Queer Hippie Syncretism
At this point, some of the intersecting connections in this story start to resolve. One of those connections is this poster which the Free Print Shop printed for the Committee for Homosexual Freedom early on for the picket line at the States Steamship company. This poster is so interesting to me because it represents a crossover between the queer and hippie cultures. The homoerotic imagery combined with the psychedelic lettering and design is emblematic of the mix between these two subcultures in San Francisco. At the Cockettes 50th anniversary celebration, John Waters talked about the first time he attended one of the Cockettes shows at the Palace Theater. Waters said, “I was so amazed at the audience which was as shocking as the show. Hippie gay guys, finally! It was so great to see them, you know. And drag queens with beards reading Lenin.”

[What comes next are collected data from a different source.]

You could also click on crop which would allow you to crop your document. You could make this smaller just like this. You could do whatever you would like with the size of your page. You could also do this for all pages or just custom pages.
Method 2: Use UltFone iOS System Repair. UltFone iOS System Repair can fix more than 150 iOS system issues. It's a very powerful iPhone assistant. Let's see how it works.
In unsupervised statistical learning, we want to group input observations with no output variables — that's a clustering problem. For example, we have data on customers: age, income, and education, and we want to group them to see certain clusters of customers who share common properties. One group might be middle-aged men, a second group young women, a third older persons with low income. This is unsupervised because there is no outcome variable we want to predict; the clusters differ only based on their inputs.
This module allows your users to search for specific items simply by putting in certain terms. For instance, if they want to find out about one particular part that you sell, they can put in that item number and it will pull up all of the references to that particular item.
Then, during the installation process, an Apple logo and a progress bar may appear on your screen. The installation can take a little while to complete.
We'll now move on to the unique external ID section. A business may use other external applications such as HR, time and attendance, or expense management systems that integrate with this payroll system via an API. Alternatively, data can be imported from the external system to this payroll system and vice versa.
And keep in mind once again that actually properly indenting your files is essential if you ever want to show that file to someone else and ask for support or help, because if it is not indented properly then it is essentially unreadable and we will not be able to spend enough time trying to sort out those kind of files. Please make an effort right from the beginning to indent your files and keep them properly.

Can people read the psychedelic lettering? “Homosexual Freedom / Gay Strike / Picket Mon Thru Fri / 12 till 1 / 320 California Street / Committee for Homosexual Freedom / Come With Us.” I have always wondered what the connection was between the Sutter Street commune, the Free Print Shop, and the Committee for Homosexual Freedom. The artist signed their work, so someone brought the design to the commune to print.

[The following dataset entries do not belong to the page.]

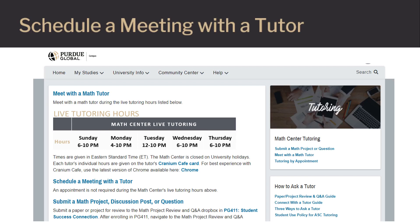If you're not available during these regular scheduled hours, you may click on Schedule a Meeting with a Tutor, where you'll find appointment openings on Thursday, Friday, and Saturday.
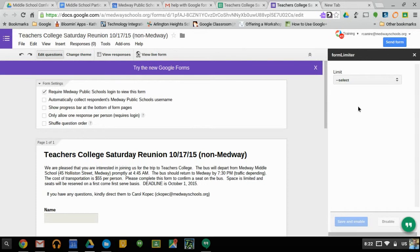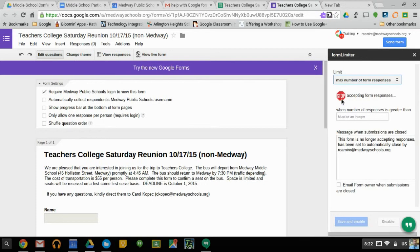We can go back here. For the limit, I want to set the max number of form responses — so that's how many people — I want to stop accepting the forms when number of responses is greater than 22. And you can change the message here to whatever you wanted to say, that pops up when that limit has been reached.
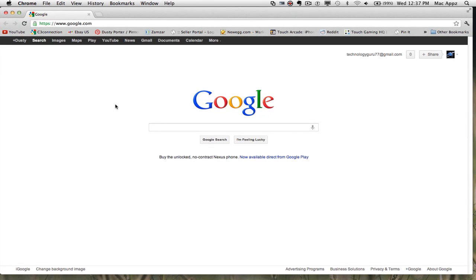Hey everyone, welcome back again to another Tech Guru video. Today I'm bringing you the best Google tricks, tips, hacks and Easter eggs through Google search. Google has all kinds of neat things within their search results that allow you to search for different word phrases that pull up some really neat stuff. I'm going to show you the top 20 that I've found throughout the web. Let's go ahead and get started.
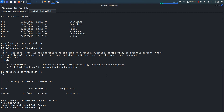Hello everyone, welcome back. This is part number two for Flight Machine from Hack The Box. In this video we are going to escalate our privileges from the cbomb user to the administrator. We've reached up to here and we can see the user flag, so now let's try to enumerate this system more.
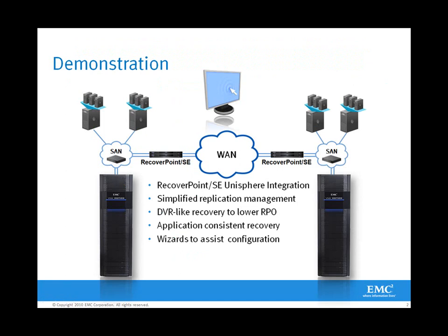Our demonstration today will feature EMC RecoverPoint SE being managed within Unisphere, replicating between VNX storage arrays, providing simplified replication management, and leveraging EMC RecoverPoint SE for DVR-like recovery to lower your recovery point objectives. This also provides application consistent recovery and has wizards to assist configuration, failover, and simplify everyday operations within a replicated and disaster recovery environment.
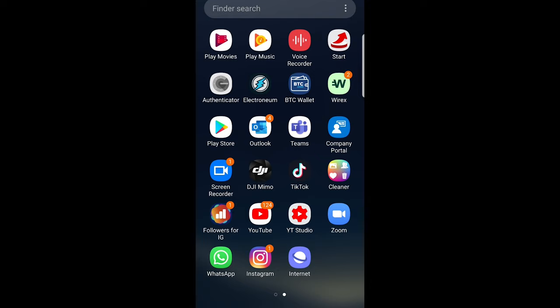As some of you were asking me this question about how to repost Instagram stories — as you know, you can repost posts. So guys, to repost Instagram stories, you can't repost all Instagram stories.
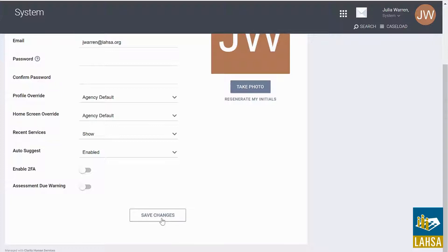You've just learned how to change your email address and password. Thank you for watching.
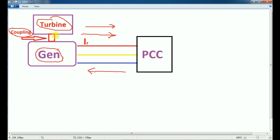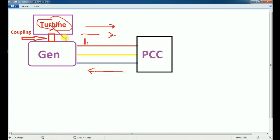So you can see a reverse power fault. As an electrical maintenance engineer, if you have a plant, you can tackle the mechanical engineers. If you have a reverse power fault, you can see a turbine with mechanical power.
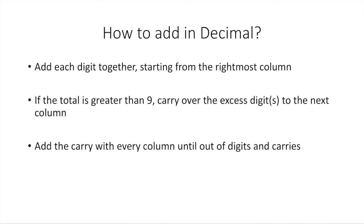The way you add in decimal is you start from the rightmost column and add each digit together. If the total is greater than 9, then you carry over the excess digit to the next column on the left. Then you add the carry with every column if there is a carry until you run out of digits and carries all the way to the left, and then you have your final number.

In preparing this talk, I discovered that Gale Whittington published a memoir in 2010. It contains a day-by-day account of his firing and subsequent actions. After he was fired from his job when his shirtless photo appeared in the Berkeley Barb, Gale and Leo Laurence went to complain to Max Scherr, the publisher of the Barb. Scherr had used the photo without Gale’s or Leo’s permission. Instead of apologizing, Scherr roused the two to action, suggesting they protest the firing. That’s when Leo and Gale decide to form the Committee for Homosexual Freedom. At their first organizing meeting, seven people showed up besides the two founders. One of these new members was Hibiscus who was still living in the Sutter Street Commune. Gale describes Hibiscus as “a devout believer in the insightful power of LSD.” According to Whittington, Hibiscus was a regular participant in the committee’s protests, at one point defusing a group of teenagers bent on attacking the group by tearing off the placard of his protest sign and leaving just the wooden picket to defend himself. The teens got back in their cars and sped off.
Was Hibiscus the connection between the Committee for Homosexual Freedom and the Free Print Shop’s printing of the crossover queer hippie poster? We can only speculate. No one from the commune that I have asked remembers this poster. But that’s not unusual given the amount of printing that was happening and the weekly schedule for publishing Kaliflower.